Inside the file /var/ossec/etc/ossec.conf located on our sonda monitored node, we append the real-time monitoring criteria rule block below:
<syscheck>
<directories check_all="yes" realtime="yes">/home/sonda</directories>
</syscheck>
Restart the localized wazuh-agent daemon to register the dynamic file integrity parameters.
For testing validation, I fetched a sample ransomware binary package which I have confirmed is recognized under VirusTotal signature datasets.
I drop and extract the binary payload within our target tracked directory space.
Checking our security dashboard feed inside Wazuh shows three new active alert matches populated into the stream.

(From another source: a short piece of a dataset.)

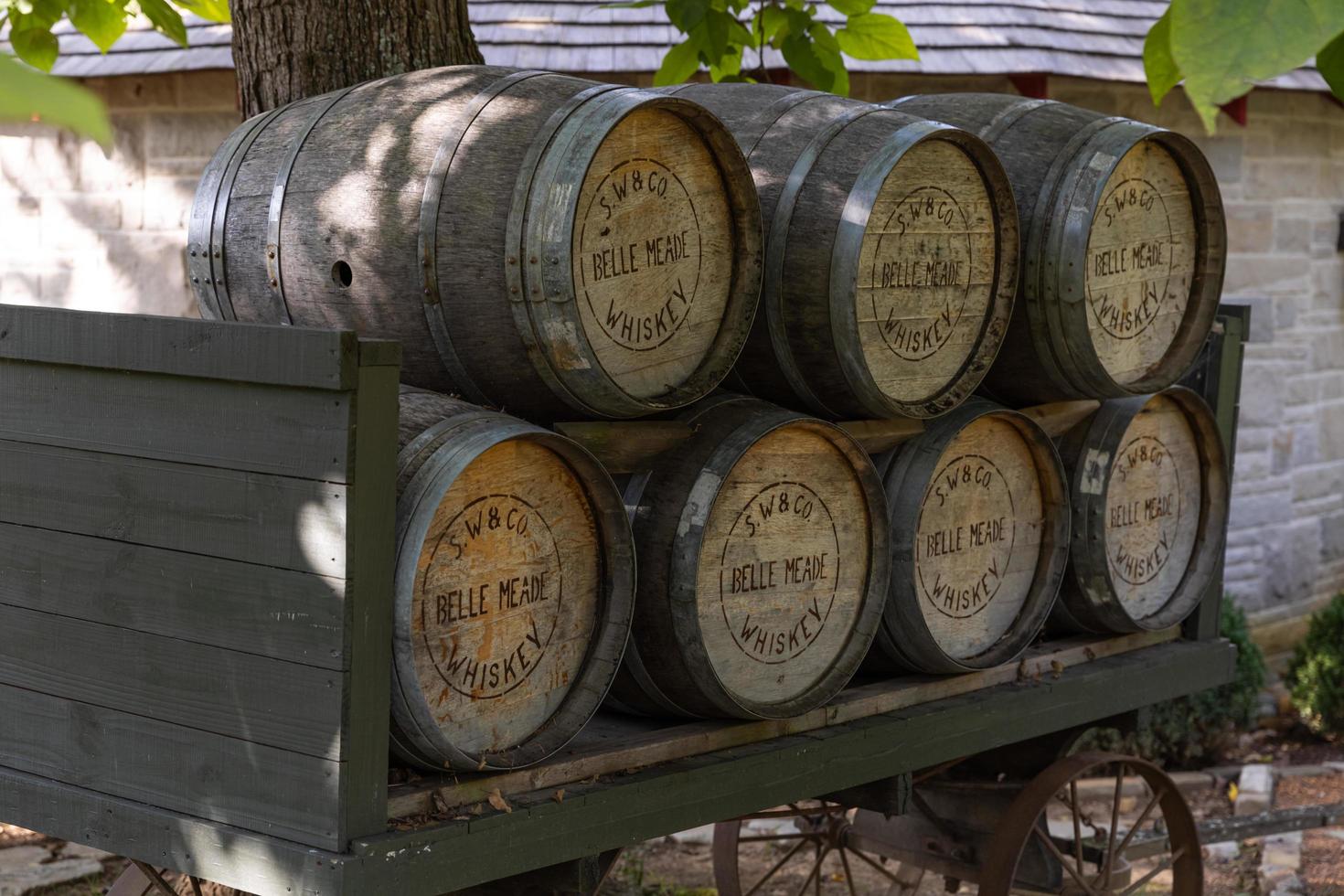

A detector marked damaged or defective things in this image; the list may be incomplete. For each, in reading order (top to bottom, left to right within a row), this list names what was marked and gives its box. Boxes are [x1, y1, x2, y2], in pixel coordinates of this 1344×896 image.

These events match our expected intelligence analysis reports delivered back by the VirusTotal lookup integration hook.
The resulting parsed telemetry feeds populate our centralized metrics viewing canvas inside Grafana as well.

We must perform an identical rule file mapping edit, though on this endpoint architecture, the baseline monitoring options file is located under C:\Program Files (x86)\ossec-agent\ossec.conf.
And restart the client system service.
Now we replicate the functional validation workflow executed above. From the public malwareZoo data hub, I pull a known threat actor payload signature indexed within the active threat catalogs. I download it onto the local disk space and expand it without ever launching the file.
Note that for this validation round, I had to completely deactivate standard Windows Defender protection layers, as it would otherwise automatically isolate the Petya malware sample before our agent tracking hooks could monitor its disk placement.
As verified across our active Grafana metrics boards, the integration module systematically picked up the footprint, Wazuh safely categorized the log ingest stream, and Grafana updated the telemetry visualization layer instantly.